Screenplay By: Michael Grais, Steven Spielberg, & Mark Victor
Directed By: Tobe Hooper
Nothing is scarier than an intrusion into the normalcy of everyday life. Sure, trips into the woods where a killer with a machete tracks down teenagers can be, and are, scary. But, the real terror comes from the interposition of something truly horrific into the areas where we feel safest. We all feel the most secure in the comforts of our own homes and that is why starting in the late 1970s with Halloween and continuing to the present day the home has become the most apropos setting for a horror tale. Poltergeist is an admirable entry into the plethora of horror tales that have attempted to nullify the sanctity of quiet suburban life.

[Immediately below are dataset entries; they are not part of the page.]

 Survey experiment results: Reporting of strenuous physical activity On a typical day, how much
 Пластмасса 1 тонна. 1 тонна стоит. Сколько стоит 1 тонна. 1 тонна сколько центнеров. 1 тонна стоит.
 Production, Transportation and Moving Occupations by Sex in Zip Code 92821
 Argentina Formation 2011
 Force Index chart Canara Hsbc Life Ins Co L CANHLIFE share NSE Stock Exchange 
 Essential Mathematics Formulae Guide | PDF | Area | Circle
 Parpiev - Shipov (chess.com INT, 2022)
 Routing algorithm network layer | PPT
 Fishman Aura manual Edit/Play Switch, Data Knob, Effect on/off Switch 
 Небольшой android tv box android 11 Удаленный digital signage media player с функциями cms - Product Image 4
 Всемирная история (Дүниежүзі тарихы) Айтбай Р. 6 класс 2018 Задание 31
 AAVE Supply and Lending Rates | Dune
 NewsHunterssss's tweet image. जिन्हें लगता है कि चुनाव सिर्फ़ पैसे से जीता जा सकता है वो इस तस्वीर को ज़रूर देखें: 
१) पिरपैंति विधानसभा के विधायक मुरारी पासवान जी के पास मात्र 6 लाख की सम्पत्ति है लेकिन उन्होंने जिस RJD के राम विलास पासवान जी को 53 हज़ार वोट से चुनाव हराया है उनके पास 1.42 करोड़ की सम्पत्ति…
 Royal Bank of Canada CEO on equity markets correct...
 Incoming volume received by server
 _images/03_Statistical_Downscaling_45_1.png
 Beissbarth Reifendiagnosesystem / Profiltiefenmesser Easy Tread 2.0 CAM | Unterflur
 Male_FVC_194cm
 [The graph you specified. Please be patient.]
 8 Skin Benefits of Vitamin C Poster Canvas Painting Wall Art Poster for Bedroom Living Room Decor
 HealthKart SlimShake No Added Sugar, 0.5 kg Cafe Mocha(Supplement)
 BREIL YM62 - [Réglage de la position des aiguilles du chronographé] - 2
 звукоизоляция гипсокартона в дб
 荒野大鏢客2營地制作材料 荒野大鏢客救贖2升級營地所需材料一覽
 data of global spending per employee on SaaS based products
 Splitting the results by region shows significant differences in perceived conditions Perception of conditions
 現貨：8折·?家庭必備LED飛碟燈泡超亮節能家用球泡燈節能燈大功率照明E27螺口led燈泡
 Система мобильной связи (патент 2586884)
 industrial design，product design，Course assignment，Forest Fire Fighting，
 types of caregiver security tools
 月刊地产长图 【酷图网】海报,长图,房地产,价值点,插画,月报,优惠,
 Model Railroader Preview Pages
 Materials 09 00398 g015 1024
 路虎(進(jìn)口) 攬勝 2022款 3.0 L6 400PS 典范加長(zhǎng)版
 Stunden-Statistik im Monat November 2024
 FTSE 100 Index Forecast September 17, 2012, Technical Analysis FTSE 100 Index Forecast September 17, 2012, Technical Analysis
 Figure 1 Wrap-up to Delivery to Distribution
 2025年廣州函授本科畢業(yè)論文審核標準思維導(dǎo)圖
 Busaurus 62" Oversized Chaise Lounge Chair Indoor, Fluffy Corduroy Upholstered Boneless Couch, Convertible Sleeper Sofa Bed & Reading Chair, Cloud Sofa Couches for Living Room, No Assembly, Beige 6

I know that the credits for Poltergeist list Tobe Hooper as director, but after watching it I can’t help but feel that the constant rumors that Steven Spielberg was more than just a writer with this project were in fact true. There are certain shots, such as the zoom out zoom in shot of the hallway that don’t appear to be the work of Mr. Hooper, but rather they bear the mark of Mr. Spielberg. It’s not a bad thing that Mr. Spielberg took a larger role in the production of Poltergeist, it’s merely something that is obvious when you look at the way the film was shot. Either way, Poltergeist is a well put together film from a directorial sense, with every scene maximizing the scare factor through deft camera work and directorial choices.
Poltergeist doesn’t go for the large scares that often, rather it goes for the easier, almost simple, scares. We can relate to the fear of being swallowed by that nasty tree outside our window, or the fear of losing a child, etc. It’s much harder to relate to the fear of a giant ghost blocking us from entering our bambino’s room. Like most great horror films Poltergeist works because of the suspense it builds and the fact that we can relate to the main characters. For a lot of people horror movies are about the scare, but I’ve never been scared by horror movies. It’s not that I’m a tough guy, but horror movies have never done me in with fear. However I love horror movies and the best of them entice me with the wonderful use of suspense, a good plot, and characters I can relate to. Poltergeist manages to hit a home run in all three categories and that is why it remains one of my favorite horror movies to this day.
If I could just find a way to somehow move that third act to the middle of the film? The third act is when Poltergeist begins to falter and ask too much of the viewer. As I said above in my blurb, anyone in their right mind would not stay in a house that had already swallowed their child and was haunted all to bejeezus. Poltergeist begins to strain my ability to relate to it when Steve leaves his family alone at the house after all they have been through. You know that more madness is coming and while it is well constructed madness it’s not suspenseful and it feels like a bit of add-on overkill. There are also a few moments, such as when bedraggled research assistant Marty rips his face off in the mirror that you know you are watching something fake. Alas, those moments don’t dominate the film, and while somewhat overkill the third act is still fun to watch.
Poltergeist isn’t the best horror film of all time, but it is an interesting entry in the career of Steven Spielberg, no matter what the credits may say. Poltergeist is also the best horror movie to ever come from Tobe Hooper, don’t let the fans of his jaunt to Texas steer you wrong. Go ahead and take in Poltergeist, it’s an experience that is well worth it.